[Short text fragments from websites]

━━━━━━━━

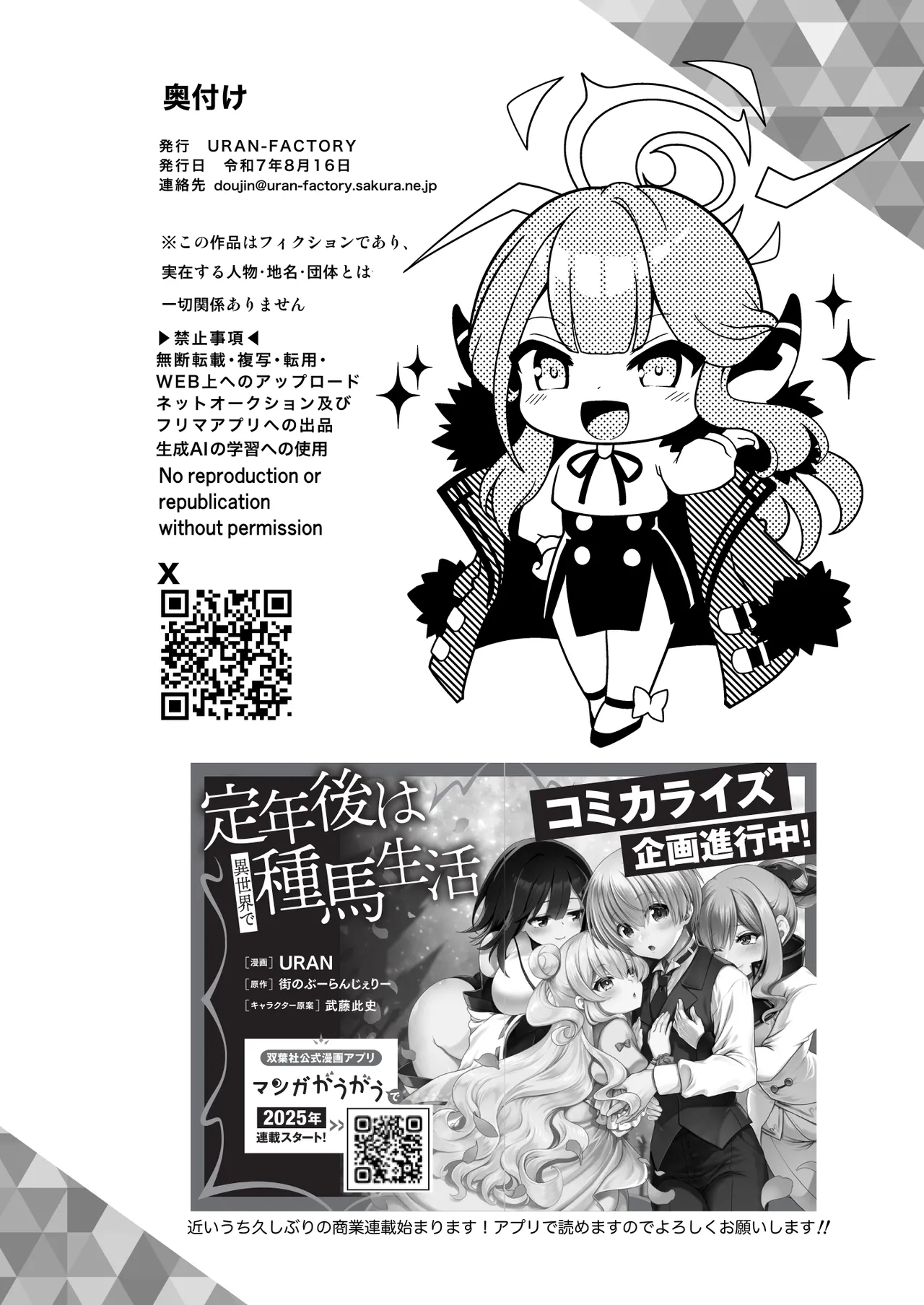 先生の喪失 Page.22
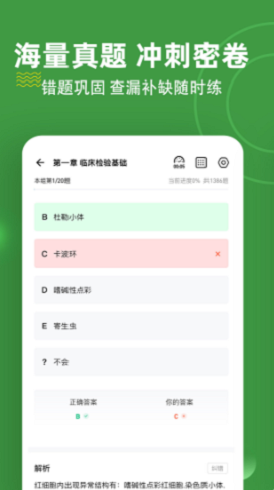 醾app v1.0.10 ׿ 2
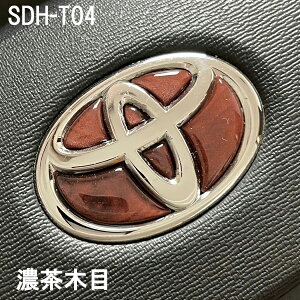 g^ XeAOGu Zؖ SDH-T04 nhp  3D V[ XebJ[ ȒP\t At@[h40 Ft@CA40 vEX60 VG^10 X XNX TOYOTA 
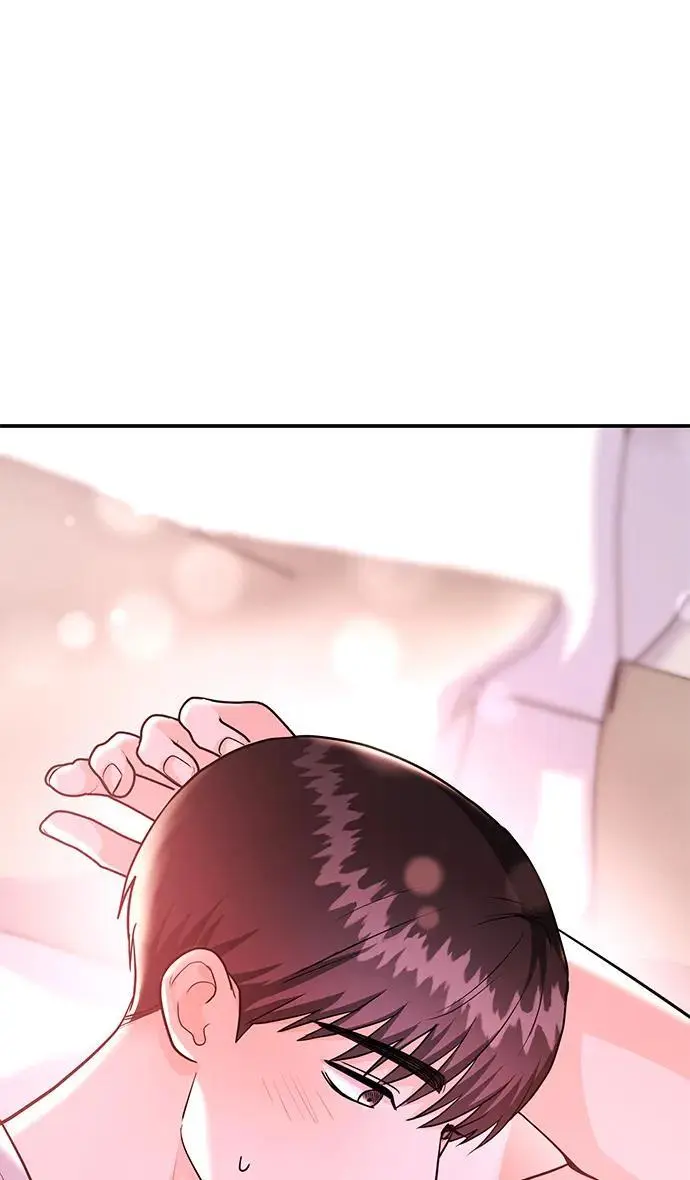 [第44话] 最后一晚2 第2页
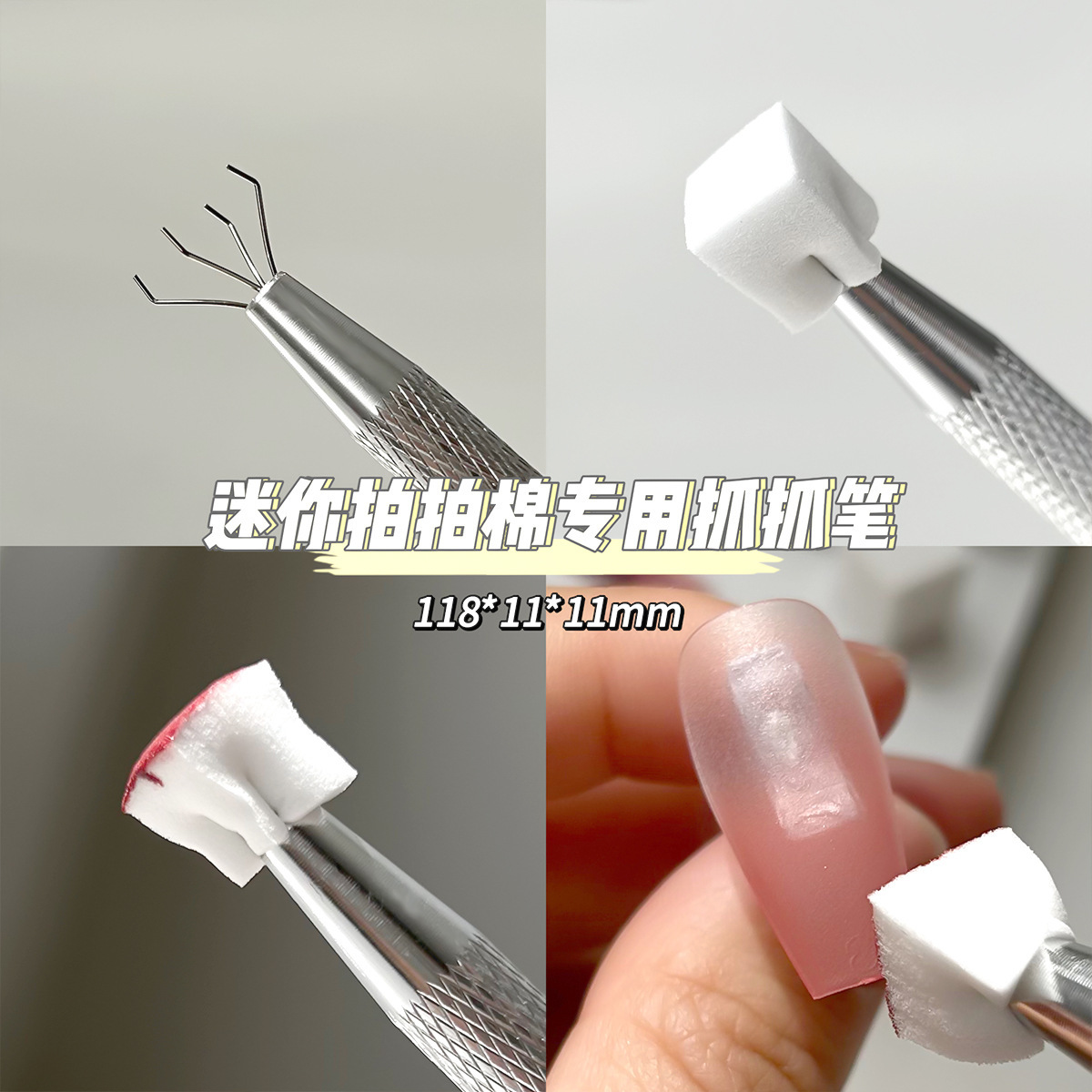 抓抓笔1.jpg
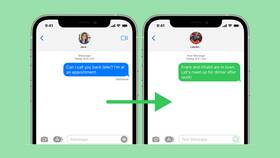 Как отправить SMS сообщение в Ральф Рингер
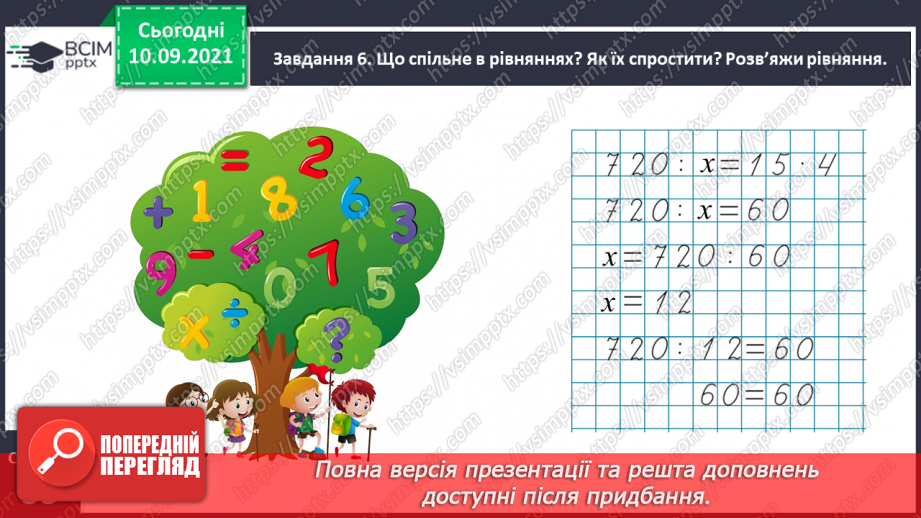 №020 - Знайомимось із письмовим прийомом множення16 №020 - Знайомимось із письмовим прийомом множення16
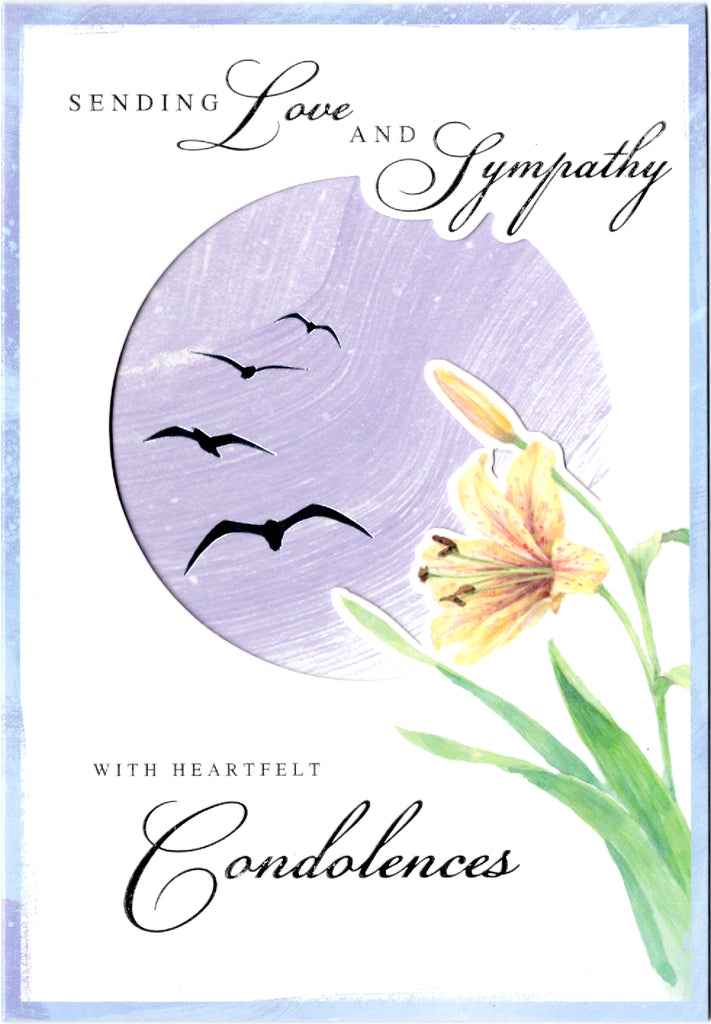 Blue sunset- Sympathy greeting card. Retail $3.49. Inside: may the wonderful memories you shared illuminate your heart... | 8457 | 256208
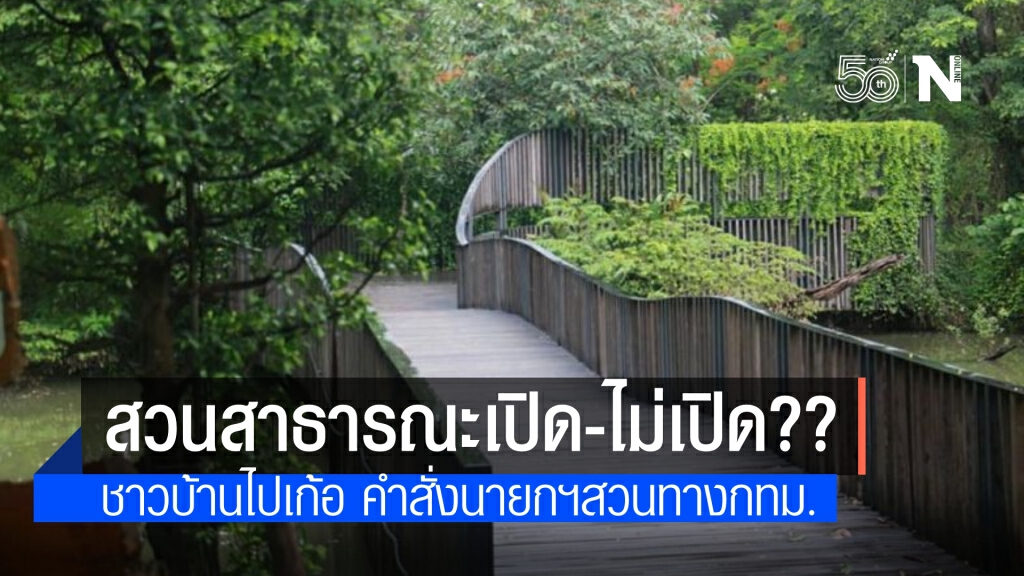 นักวิ่งไปเก้อ! กทม.ไม่เปิดสวนสาธารณะ แม้นายกฯสั่งคลายล็อก 14 มิ.ย.อ้างคำสั่งมีผลถึงวันนี้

━━━━━━━━

What is being asked:
Instructions for the copy: start at the first entry, stop after the line containing "Blue sunset- Sympathy", keep every line exact, and drop the pictures.

Completed exercise:
 先生の喪失 Page.22
 醾app v1.0.10 ׿ 2
 g^ XeAOGu Zؖ SDH-T04 nhp  3D V[ XebJ[ ȒP\t At@[h40 Ft@CA40 vEX60 VG^10 X XNX TOYOTA 
 [第44话] 最后一晚2 第2页
 抓抓笔1.jpg
 Как отправить SMS сообщение в Ральф Рингер
 №020 - Знайомимось із письмовим прийомом множення16 №020 - Знайомимось із письмовим прийомом множення16
 Blue sunset- Sympathy greeting card. Retail $3.49. Inside: may the wonderful memories you shared illuminate your heart... | 8457 | 256208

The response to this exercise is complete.